The main center for opposition was the University of Liberia, Cuttington College, and Tubman High. The Liberian Student Union was vigorous in its position. The youths who were opportune found themselves abandoned by their kind. Many of those who pursued such trend are today the targets of opposition, envy, and anti-class description by today’s generation.
If this generation should take over, a revisit of thought processes, methods, strategies, considerations, mindless militancy, and blind conscripted loyalties must be sacredly worked on. There can be no generational change when there is a high presence of generational envies and the absence of role models to follow.
There are young people today who have become the pride of Liberia. These have demonstrated integrity, abilities to lead, and have helped to lift Liberia to what it is. In their own specific areas of expertise and responsibilities, they continue to lead with examples and efficiencies.

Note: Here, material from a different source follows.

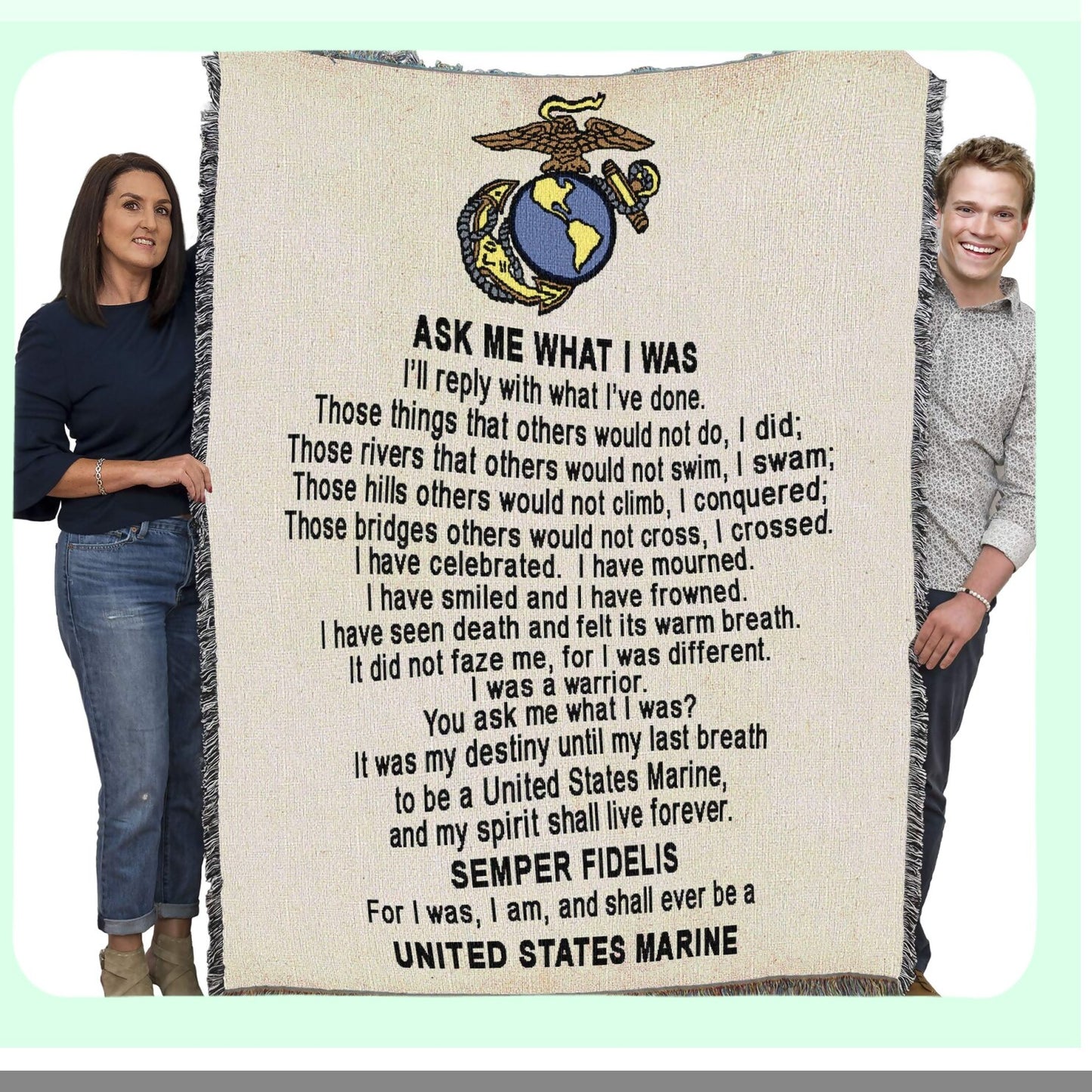 Patriot's Pride USMC Cotton Tapestry Blanket - Military Gift, Made in USA, 72x54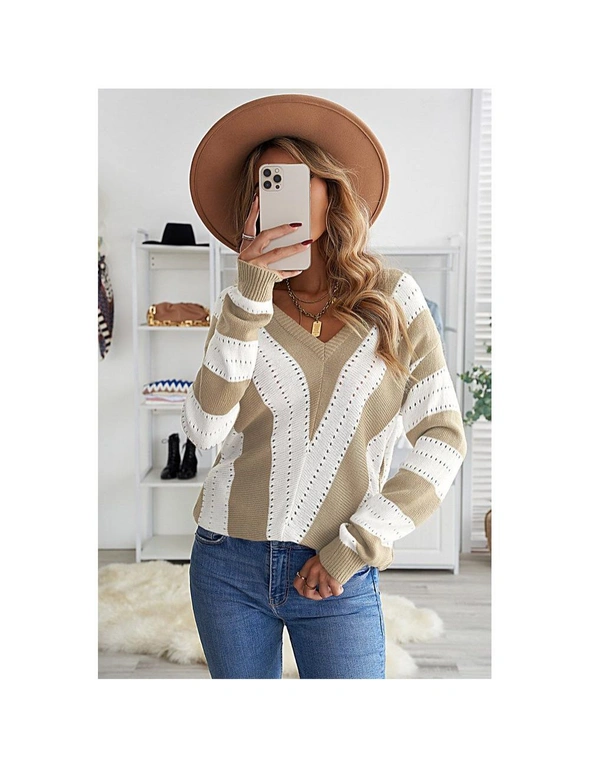 Azura Exchange Khaki Striped Colorblock V Neck Knitted Sweater, hi-res image number null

Christopher Neyor has contributed to the transformation of the energy industry in Liberia. He deserves his flower. He is an example of generational change and takeover. Robert Sirleaf has continued to make remarkable contributions to the infrastructural development of Liberia and empowerment of youths throughout the Republic. No son of a Liberian President has ever performed as he. He is an example of generational change and takeover. There are Augustine Ngafuan, Beyan Kesseley, Amara Konneh, T. Nelson Williams, Kofi Woods and many others. They are prepared and should be considered role models for this generation. If they are not appreciated, the next generation will not be appreciated. It’s like a vicious circle. Those youths who did not appreciate Doe, the first youthful President, find themselves unappreciated by the youths of today.
In other to be an achiever, we must learn to appreciate achievers. In other to lead, we must be willing to be led also. No dream can become true if the dreamer does not appreciate and accept his dreams. There cannot be national development if this generation rejects capacity development. When you fight with a blindfold, you give your opponent the advantage of a win.
When generational change is narrowed to an individual, it becomes dead when that person fails. We cannot dance and slide on a rough platform; but on one that is smooth and well-polished. This generation cannot make a change until it change its own perception of national governance and attitudes designed to undermine national government. This generation worst curse and unachievability lie in their impatience, unreasonable attitudes and violent disposition. Change and you can lead.